Epidemiologisch bewijs uit een grote meta-analyse suggereert een licht verhoogd risico bij vrouwen die oestrogeen-only systemische HRT gebruiken, dat binnen 5 jaar na gebruik duidelijk wordt en na verloop van tijd afneemt na het stoppen.
Veneuze trombo-embolie
– Systemische HRT is geassocieerd met een hoger relatief risico op het ontwikkelen van veneuze trombo-embolie (VTE), d.w.z. diep-veneuze trombose of longembolie. Het optreden van een dergelijke gebeurtenis is waarschijnlijker in het eerste jaar van HRT dan later.
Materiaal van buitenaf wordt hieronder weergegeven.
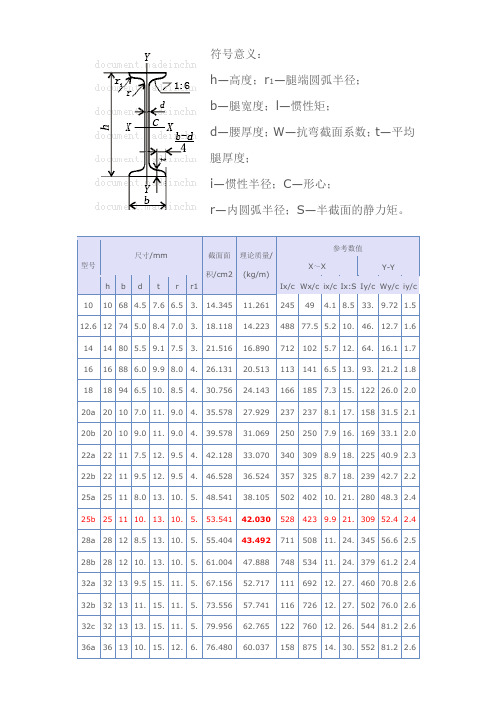 槽钢 工字钢 H钢 角钢 钢管的规格参数表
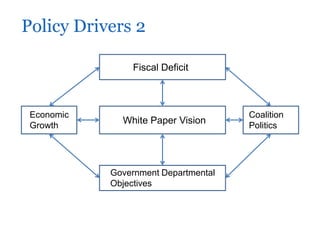 Policy Drivers 2

                Fiscal Deficit



 Economic                             Coalition
 Growth
              White Paper Vision      Politics




            Government Departmental
            Objectives
 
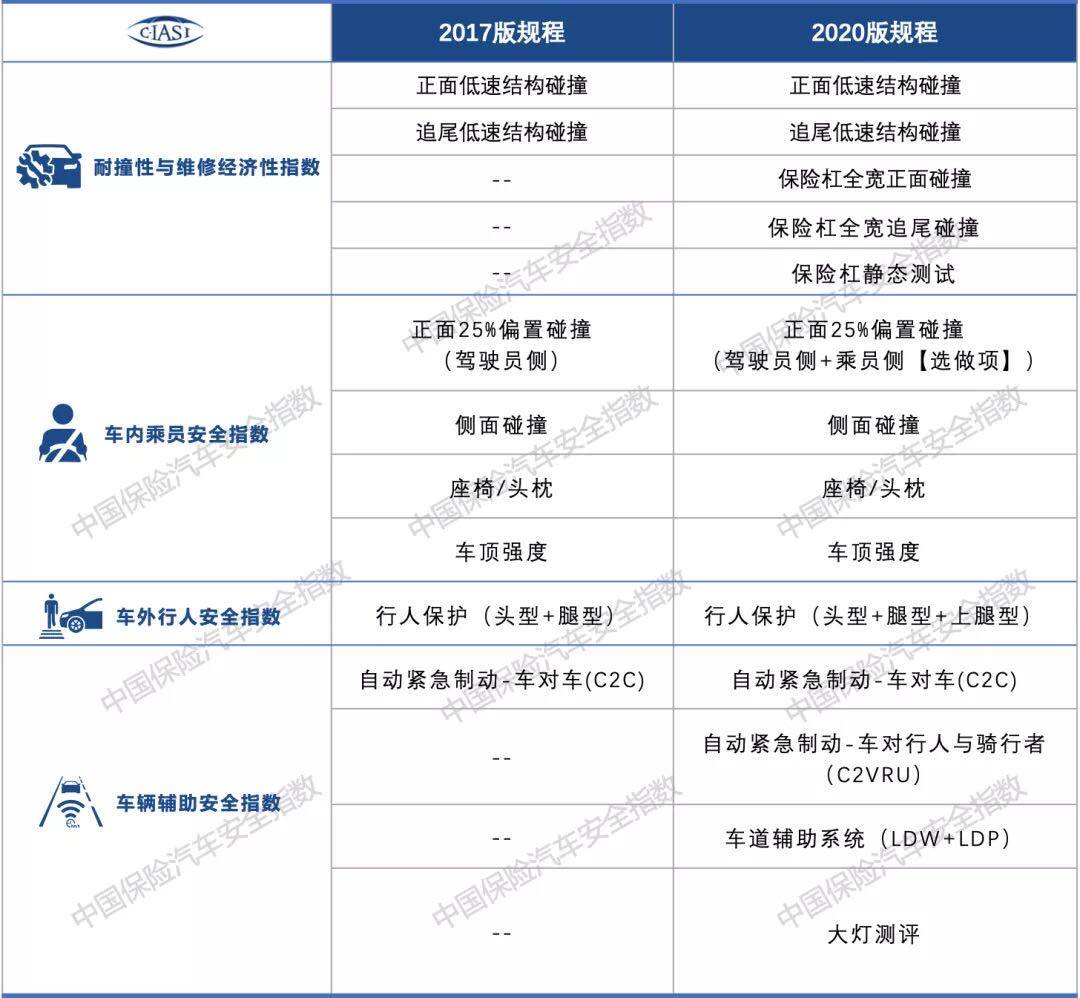 动态|中保研发布九款车型测试结果,均在同一指数上"掉链子"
– Patiënten met bekende trombofiele toestanden hebben een verhoogd risico op VTE en HRT kan dit risico nog vergroten. HRT is daarom gecontra-indiceerd bij deze patiënten (zie rubriek 4.3).
– Algemeen erkende risicofactoren voor VTE zijn een persoonlijke voorgeschiedenis of familiegeschiedenis, ernstige zwaarlijvigheid (BMI > 30 kg/m2) en systemische lupus erythematosus (SLE). Er bestaat geen consensus over de mogelijke rol van spataderen bij VTE.
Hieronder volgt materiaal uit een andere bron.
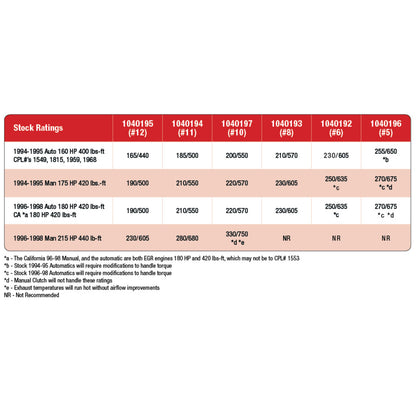 BD Diesel Fuel Control Plate #6 (Consult catalog for application)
– Zoals bij alle postoperatieve patiënten moeten profylactische maatregelen worden overwogen om VTE na een operatie te voorkomen. Als na een electieve operatie langdurige immobilisatie moet volgen, wordt aangeraden 4 tot 6 weken eerder tijdelijk te stoppen met HRT. De behandeling mag pas worden hervat als de vrouw volledig is gemobiliseerd.
– Bij vrouwen zonder persoonlijke voorgeschiedenis van VTE maar met een eerstegraads familielid met een voorgeschiedenis van trombose op jonge leeftijd, kan screening worden aangeboden na zorgvuldige counseling over de beperkingen ervan (slechts een deel van de trombofiele afwijkingen wordt door screening opgespoord). Als een trombofiele afwijking wordt geïdentificeerd die segregeert met trombose bij familieleden of als de afwijking ‘ernstig’ is (b.v. antitrombine-, proteïne S-, of proteïne C-deficiënties of een combinatie van afwijkingen) is HRT gecontra-indiceerd.
– Vrouwen die al chronisch met anticoagulantia worden behandeld, moeten zorgvuldig de voordelen/risico’s van het gebruik van HRT afwegen.
– Als zich na het begin van de therapie VTE ontwikkelt, moet het medicijn worden gestaakt. Patiënten moet worden verteld onmiddellijk contact op te nemen met hun arts wanneer zij zich bewust zijn van een potentieel trombo-embool symptoom (bijvoorbeeld pijnlijke zwelling van een been, plotselinge pijn in de borst, dyspneu).
Coronaire vaatziekten (CAD)
Oestrogeen-only
Randomized controlled data found no increased risk of CAD in hysterectomized women using systemic oestrogen-only therapy.
Ischemic stroke
Systemic oestrogen-only therapy are associated with an up to 1.5-fold increase in risk of ischemic stroke. Het relatieve risico verandert niet met de leeftijd of de tijd sinds de menopauze. Aangezien het basisrisico op beroerte echter sterk leeftijdsafhankelijk is, zal het totale risico op beroerte bij vrouwen die HRT gebruiken toenemen met de leeftijd (zie rubriek 4.8).
Andere aandoeningen
– Oestrogenen kunnen vochtretentie veroorzaken, en daarom moeten patiënten met hart- of nierdisfunctie zorgvuldig worden geobserveerd. Patiënten met terminale nierinsufficiëntie moeten nauwlettend in de gaten worden gehouden, omdat verwacht wordt dat het niveau van circulerende werkzame bestanddelen in Ovestin Crème verhoogd is.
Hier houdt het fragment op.